Im übrigen wird der Verein vom Vorstand vertreten.

(5) Ist keine gesonderte Geschäftsführung bestellt, wird diese Funktion vom 1. Vorsitzenden wahrgenommen (geschäfts-führender Vorstand).

§ 9 Satzungsänderungen

(1) Satzungsänderungen, einschließlich des Zwecks, bedürfen der vorherigen schriftlichen Bekanntmachung und können auf der Mitgliederversammlung nur mit einer Mehrheit von 3/4 der erschienenen Mitglieder beschlossen werden.

(2) Satzungsänderungen, die vom Finanzamt oder vom Vereinsregister verlangt werden, kann der Vorstand beschließen.
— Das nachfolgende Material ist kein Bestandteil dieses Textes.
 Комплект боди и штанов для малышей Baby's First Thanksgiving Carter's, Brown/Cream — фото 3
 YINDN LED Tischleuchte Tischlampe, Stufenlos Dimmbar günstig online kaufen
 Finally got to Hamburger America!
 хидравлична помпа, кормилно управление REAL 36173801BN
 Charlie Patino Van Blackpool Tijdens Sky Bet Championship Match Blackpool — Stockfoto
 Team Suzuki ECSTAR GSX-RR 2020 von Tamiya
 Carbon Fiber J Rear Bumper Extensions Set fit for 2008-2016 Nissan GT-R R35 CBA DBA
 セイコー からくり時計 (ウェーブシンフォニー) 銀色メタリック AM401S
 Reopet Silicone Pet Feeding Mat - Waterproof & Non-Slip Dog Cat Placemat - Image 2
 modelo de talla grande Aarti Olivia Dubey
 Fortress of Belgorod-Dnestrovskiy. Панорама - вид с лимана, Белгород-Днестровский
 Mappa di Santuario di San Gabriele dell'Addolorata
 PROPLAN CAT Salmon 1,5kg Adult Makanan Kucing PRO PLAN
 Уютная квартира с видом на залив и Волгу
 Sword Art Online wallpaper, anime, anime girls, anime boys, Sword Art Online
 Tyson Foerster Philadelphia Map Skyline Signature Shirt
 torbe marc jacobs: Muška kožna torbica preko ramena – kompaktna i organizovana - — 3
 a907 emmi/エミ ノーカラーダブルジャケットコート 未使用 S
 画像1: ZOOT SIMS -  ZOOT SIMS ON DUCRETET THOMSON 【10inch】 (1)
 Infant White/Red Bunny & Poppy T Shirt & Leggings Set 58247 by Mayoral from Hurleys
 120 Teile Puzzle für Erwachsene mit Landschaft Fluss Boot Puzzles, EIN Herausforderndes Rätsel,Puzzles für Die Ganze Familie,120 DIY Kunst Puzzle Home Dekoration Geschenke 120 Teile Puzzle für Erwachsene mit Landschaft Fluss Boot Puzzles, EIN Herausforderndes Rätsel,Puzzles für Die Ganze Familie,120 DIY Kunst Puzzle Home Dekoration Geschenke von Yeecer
§ 10 Auflösung des Vereins

Der Verein hat unbestimmte Dauer. Die Mitgliederversammlung kann mit einer Mehrheit von ¾ der erschienenen Mitglieder die Auflösung des Vereins beschließen. Im Falle der Auflösung des Vereins sind die im Amt befindlichen Vorstandsmitglieder die Liquidatoren.

(2) Bei Auflösung des Vereins oder bei Wegfall steuerbegünstigter Zwecke fällt das Vermögen an den Deutschen Kinderschutzbund e.V. Emmendingen (79312 Emmendingen, Rosenweg 3), der es unmittelbar und ausschließlich für gemeinnützige, mildtätige oder kirchliche Zwecke zu verwenden hat.